Phenolic is a great material. Stable, machinable and can withstand compression. Just be careful when machining and avoid breathing the dust. 

Paul.


----------



## Robert LaLonde (Nov 18, 2017)

samthedog said:


> Phenolic is a great material. Stable, machinable and can withstand compression. Just be careful when machining and avoid breathing the dust.
> 
> Paul.


That's probably good advice for anything.  Avoid breathing the dust.


----------



## uncle harry (Nov 18, 2017)

Bob La Londe said:


> Its used for making gears, bushing, and rollers so it should be able to handle basic oils.  I guess I'll find out.  Can't speak for the SC520 with distilled water for my flood coolant, but I can drop Master Chemical an email and find out.  They are usually pretty responsive.  The thing is if more than cursory crap gets in a height setter it has to be taken apart, cleaned, and readjusted anyway as it will gum up.
> 
> These are not to be permanently mounted for fully automated tool changes.  In fact if I was setup for fully automated tool changes I would not need them at all.  Just enter all the tool heights in the tool table.



My first car, a 1950 Chevrolet, had a phenolic timing gear that ran in oil.

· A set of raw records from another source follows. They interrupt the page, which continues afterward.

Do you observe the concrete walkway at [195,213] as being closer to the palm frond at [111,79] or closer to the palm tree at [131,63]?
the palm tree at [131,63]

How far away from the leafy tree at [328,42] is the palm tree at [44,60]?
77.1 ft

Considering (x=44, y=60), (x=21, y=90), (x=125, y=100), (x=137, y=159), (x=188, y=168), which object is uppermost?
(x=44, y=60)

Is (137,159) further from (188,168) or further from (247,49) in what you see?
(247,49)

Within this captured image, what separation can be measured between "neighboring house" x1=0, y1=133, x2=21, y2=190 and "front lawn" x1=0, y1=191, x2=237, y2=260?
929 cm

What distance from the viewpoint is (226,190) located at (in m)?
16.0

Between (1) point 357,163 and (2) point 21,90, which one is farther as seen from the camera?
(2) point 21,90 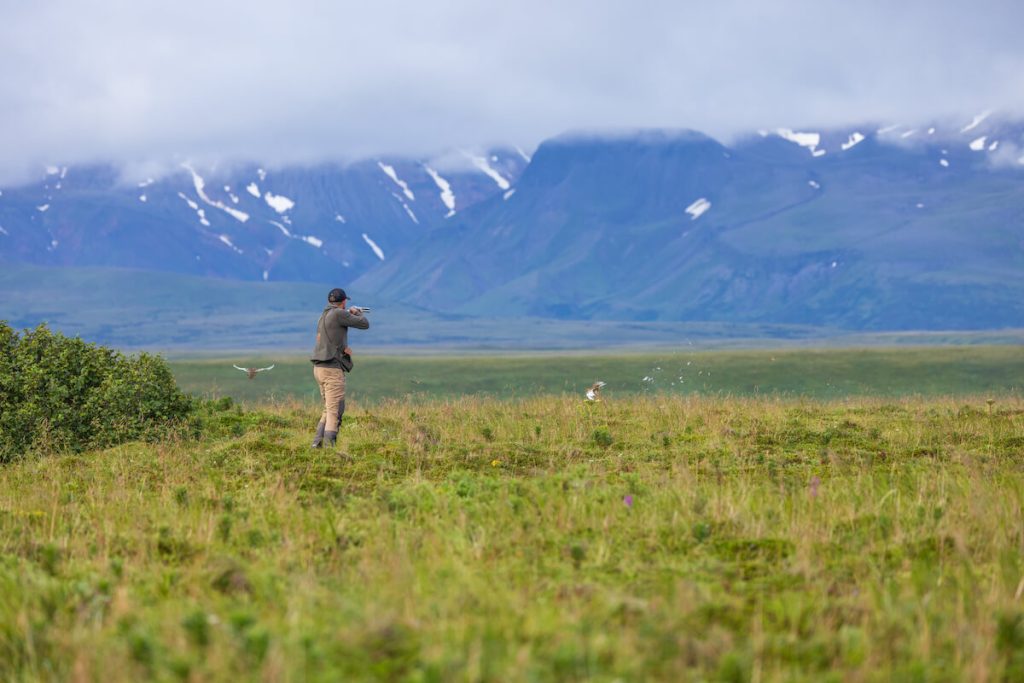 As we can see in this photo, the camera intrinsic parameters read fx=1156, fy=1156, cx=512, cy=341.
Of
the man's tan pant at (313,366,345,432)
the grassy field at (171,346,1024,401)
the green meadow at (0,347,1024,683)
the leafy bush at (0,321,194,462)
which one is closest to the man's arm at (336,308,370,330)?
the man's tan pant at (313,366,345,432)

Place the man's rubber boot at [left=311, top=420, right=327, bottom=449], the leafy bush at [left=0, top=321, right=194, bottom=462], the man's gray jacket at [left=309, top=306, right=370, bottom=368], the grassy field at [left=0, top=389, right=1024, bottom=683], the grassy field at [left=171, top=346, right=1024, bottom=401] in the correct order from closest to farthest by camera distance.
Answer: the grassy field at [left=0, top=389, right=1024, bottom=683] → the man's gray jacket at [left=309, top=306, right=370, bottom=368] → the man's rubber boot at [left=311, top=420, right=327, bottom=449] → the leafy bush at [left=0, top=321, right=194, bottom=462] → the grassy field at [left=171, top=346, right=1024, bottom=401]

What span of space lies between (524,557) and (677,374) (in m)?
80.8

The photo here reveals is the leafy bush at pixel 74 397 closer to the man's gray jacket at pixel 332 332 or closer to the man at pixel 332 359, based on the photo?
the man at pixel 332 359

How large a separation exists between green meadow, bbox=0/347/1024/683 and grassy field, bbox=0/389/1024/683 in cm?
3

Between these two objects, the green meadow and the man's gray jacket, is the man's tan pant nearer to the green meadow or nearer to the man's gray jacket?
the man's gray jacket

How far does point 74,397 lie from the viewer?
20.1 metres

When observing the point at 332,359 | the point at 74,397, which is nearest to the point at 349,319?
the point at 332,359

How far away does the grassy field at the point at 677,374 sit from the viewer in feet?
248

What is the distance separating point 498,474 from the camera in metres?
15.6

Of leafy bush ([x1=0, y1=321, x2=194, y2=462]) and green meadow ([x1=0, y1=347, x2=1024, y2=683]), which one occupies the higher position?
leafy bush ([x1=0, y1=321, x2=194, y2=462])

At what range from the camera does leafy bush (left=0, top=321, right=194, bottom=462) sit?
19203 mm

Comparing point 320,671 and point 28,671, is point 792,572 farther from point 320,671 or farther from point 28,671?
point 28,671

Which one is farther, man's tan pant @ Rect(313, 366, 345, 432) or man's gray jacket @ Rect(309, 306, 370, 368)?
man's tan pant @ Rect(313, 366, 345, 432)

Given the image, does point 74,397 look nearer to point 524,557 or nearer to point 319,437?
point 319,437
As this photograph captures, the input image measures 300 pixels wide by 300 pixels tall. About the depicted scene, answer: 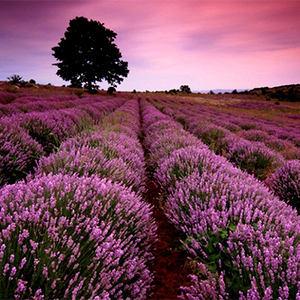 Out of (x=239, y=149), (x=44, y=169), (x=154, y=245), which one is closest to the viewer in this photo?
(x=154, y=245)

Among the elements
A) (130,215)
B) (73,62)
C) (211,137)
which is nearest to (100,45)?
(73,62)

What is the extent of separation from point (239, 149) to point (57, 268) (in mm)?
5306

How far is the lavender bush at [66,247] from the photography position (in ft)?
4.07

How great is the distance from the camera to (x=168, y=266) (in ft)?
7.59

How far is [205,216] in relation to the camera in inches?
86.5

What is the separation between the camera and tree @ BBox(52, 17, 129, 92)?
1287 inches

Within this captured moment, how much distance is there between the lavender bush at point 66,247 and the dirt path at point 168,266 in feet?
1.06

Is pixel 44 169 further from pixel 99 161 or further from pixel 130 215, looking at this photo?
pixel 130 215

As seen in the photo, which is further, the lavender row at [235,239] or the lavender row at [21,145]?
the lavender row at [21,145]

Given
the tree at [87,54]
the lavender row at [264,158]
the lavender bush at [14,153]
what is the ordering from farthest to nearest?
the tree at [87,54] → the lavender row at [264,158] → the lavender bush at [14,153]

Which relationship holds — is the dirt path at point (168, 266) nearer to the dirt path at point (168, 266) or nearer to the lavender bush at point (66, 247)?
the dirt path at point (168, 266)

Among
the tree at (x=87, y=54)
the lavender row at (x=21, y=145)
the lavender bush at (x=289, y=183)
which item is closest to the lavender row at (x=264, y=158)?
the lavender bush at (x=289, y=183)

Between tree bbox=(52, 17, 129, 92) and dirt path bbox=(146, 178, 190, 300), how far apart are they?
32.6 meters

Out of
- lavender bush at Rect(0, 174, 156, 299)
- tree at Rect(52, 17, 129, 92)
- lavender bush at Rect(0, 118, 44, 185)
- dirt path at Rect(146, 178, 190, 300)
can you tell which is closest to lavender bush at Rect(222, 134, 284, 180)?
dirt path at Rect(146, 178, 190, 300) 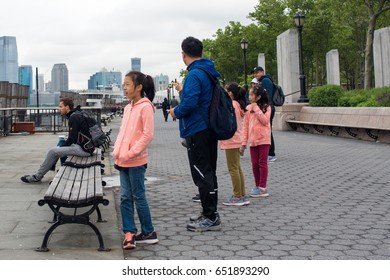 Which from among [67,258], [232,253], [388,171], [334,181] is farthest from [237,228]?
[388,171]

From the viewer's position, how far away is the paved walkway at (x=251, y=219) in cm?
468

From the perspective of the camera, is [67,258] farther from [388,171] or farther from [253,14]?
[253,14]

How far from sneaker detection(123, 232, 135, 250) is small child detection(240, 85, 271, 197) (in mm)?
2842

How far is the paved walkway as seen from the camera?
15.3 feet

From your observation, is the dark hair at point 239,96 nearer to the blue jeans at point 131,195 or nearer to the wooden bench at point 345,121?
the blue jeans at point 131,195

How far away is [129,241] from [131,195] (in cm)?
45

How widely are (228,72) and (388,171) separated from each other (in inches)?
2195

My Harrison M300 has a phenolic gear in the headstock gear train for feeds & threads.


----------



## pdentrem (Nov 18, 2017)

They were still using phenolic timing gear in the '90. Particularly the Buick 3.8V6 that we serviced at the dealership. Many Small Block Chev V8s also ran the large cam gear which was phenolic. The reason was for lower chain noise. 
Pierre


----------



## pdentrem (Nov 18, 2017)

samthedog said:


> Phenolic is a great material. Stable, machinable and can withstand compression. Just be careful when machining and avoid breathing the dust.
> 
> Paul.



My lady and I were in Nordagutu earlier this summer visiting family.
Pierre


----------



## Wreck™Wreck (Nov 18, 2017)

Bob La Londe said:


> Yep, and if you compare like sizes (I used 3/4inch diameter for a baseline for comparing materials) its over $10 per inch



You failed to add "cheapest possible" machinable non compressible insulator, glass and granite are also machinable though not cheaply.


----------



## Robert LaLonde (Nov 18, 2017)

Wreck™Wreck said:


> You failed to add "cheapest possible" machinable non compressible insulator, glass and granite are also machinable though not cheaply.

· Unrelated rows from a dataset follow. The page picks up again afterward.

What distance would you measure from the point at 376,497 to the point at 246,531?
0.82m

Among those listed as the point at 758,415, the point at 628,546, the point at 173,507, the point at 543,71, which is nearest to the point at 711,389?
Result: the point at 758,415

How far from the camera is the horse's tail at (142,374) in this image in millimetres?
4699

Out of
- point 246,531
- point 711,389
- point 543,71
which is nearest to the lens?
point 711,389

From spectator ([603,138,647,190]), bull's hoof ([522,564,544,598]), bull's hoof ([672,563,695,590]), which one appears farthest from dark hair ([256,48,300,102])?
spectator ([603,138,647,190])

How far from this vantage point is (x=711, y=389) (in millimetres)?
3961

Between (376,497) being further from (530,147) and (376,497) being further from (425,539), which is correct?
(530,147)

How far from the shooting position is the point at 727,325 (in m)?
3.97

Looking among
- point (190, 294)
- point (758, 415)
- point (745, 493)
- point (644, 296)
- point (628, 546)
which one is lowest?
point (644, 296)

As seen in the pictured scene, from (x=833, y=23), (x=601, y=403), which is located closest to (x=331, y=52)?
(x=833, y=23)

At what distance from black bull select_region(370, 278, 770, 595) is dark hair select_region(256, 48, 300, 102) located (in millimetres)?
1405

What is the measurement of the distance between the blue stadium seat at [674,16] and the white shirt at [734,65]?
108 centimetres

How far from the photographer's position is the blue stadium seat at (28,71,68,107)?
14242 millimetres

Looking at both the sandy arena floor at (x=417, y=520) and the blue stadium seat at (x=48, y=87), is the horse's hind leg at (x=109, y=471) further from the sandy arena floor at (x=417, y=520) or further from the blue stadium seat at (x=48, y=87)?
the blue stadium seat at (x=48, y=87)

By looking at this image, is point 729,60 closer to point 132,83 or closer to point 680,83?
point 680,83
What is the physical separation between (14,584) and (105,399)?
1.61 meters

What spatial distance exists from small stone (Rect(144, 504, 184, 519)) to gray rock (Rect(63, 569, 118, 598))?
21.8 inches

LOL.  Cheapest possible?  No I am sure I can find something cheaper.  Glass and granite have to be ground and polished.  While grinding is part of machining the clarification should be easily machinable.  I'm always amused when people are spending somebody else's money they don't care how much it costs.  LOL.


----------



## Wreck™Wreck (Nov 18, 2017)

I can't spend your money only you and possibly your Wife can do that (-:

You inquired about a material for a specific application in a measuring tool and I supplied one that would work well and is not over the top expensive unless your threshold of expensive is more then $0


----------



## Robert LaLonde (Nov 18, 2017)

Wreck™Wreck said:


> I can't spend your money only you and possibly your Wife can do that (-:
> 
> You inquired about a material for a specific application in a measuring tool and I supplied one that would work well and is not over the top expensive unless your threshold of expensive is more then $0



Thank you for that.  I did look at machinable ceramics.  Now you are just being an obtuse * ____ , but this is the Internet and that is to be expected.  Thank you for your useful suggestion, and to a lesser degree for your less useful suggestion as well. 

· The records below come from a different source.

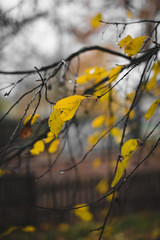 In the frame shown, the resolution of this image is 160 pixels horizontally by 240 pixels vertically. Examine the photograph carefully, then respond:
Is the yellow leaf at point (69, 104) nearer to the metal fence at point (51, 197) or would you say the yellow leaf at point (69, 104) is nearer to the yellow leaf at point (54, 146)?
the yellow leaf at point (54, 146)

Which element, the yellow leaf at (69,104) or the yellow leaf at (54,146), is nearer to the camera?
the yellow leaf at (69,104)

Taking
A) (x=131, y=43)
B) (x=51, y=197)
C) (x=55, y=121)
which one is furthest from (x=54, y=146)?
(x=51, y=197)

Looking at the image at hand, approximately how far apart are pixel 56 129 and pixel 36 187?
5.93 metres

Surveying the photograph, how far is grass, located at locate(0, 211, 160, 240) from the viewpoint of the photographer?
4.95 meters

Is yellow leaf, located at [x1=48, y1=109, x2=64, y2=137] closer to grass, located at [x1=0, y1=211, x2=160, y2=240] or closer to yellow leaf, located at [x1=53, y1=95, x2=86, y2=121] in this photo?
yellow leaf, located at [x1=53, y1=95, x2=86, y2=121]

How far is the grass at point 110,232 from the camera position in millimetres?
4945

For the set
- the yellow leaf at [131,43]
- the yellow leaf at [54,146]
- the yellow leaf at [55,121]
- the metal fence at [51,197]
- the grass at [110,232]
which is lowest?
the yellow leaf at [55,121]

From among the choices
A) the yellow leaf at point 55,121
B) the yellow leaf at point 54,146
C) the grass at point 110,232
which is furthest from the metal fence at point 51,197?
the yellow leaf at point 55,121

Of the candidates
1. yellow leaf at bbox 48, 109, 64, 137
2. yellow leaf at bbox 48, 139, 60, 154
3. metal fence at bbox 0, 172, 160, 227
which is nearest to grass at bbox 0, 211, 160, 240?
metal fence at bbox 0, 172, 160, 227

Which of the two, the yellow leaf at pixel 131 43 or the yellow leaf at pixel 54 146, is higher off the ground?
the yellow leaf at pixel 54 146

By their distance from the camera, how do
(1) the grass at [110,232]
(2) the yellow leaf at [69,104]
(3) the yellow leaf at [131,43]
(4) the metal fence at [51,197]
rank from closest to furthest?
(2) the yellow leaf at [69,104] < (3) the yellow leaf at [131,43] < (1) the grass at [110,232] < (4) the metal fence at [51,197]

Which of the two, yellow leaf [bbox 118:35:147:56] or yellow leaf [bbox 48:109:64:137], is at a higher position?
yellow leaf [bbox 118:35:147:56]

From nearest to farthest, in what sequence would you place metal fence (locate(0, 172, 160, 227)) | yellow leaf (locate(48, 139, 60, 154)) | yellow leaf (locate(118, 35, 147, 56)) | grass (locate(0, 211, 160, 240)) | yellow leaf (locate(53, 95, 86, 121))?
yellow leaf (locate(53, 95, 86, 121)) < yellow leaf (locate(118, 35, 147, 56)) < yellow leaf (locate(48, 139, 60, 154)) < grass (locate(0, 211, 160, 240)) < metal fence (locate(0, 172, 160, 227))

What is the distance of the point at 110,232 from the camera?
472 cm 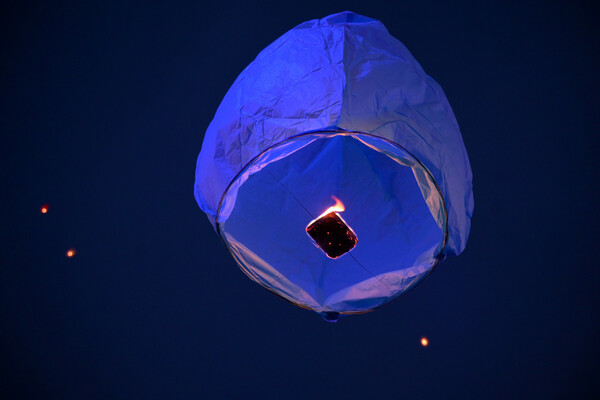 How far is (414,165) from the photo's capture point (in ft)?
5.38

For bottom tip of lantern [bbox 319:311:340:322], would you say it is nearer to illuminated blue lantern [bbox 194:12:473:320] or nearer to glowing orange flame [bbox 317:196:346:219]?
illuminated blue lantern [bbox 194:12:473:320]

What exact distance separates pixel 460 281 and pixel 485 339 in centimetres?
32

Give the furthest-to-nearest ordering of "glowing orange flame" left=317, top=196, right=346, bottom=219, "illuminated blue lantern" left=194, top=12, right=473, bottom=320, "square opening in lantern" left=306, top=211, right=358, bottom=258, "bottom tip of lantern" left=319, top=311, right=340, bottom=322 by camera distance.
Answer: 1. "glowing orange flame" left=317, top=196, right=346, bottom=219
2. "square opening in lantern" left=306, top=211, right=358, bottom=258
3. "bottom tip of lantern" left=319, top=311, right=340, bottom=322
4. "illuminated blue lantern" left=194, top=12, right=473, bottom=320

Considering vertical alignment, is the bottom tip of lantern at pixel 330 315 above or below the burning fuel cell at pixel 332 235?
below

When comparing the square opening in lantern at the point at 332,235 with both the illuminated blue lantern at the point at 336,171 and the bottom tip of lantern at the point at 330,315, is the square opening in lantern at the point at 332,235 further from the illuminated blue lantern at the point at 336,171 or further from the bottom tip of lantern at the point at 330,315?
the bottom tip of lantern at the point at 330,315

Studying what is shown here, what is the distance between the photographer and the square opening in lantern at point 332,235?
6.42ft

_* appropriately and equally insulting, but not vulgar.  _


----------



## Wreck™Wreck (Nov 18, 2017)

Should I be offended? I am terribly sensitive you know.


----------



## KBeitz (Sep 20, 2018)

phenolic Table Saw Inserts  sold on E-bay works great for insulators.  


https://www.ebay.com/itm/Leecraft-D...m=292701468313&_trksid=p2047675.c100005.m1851


----------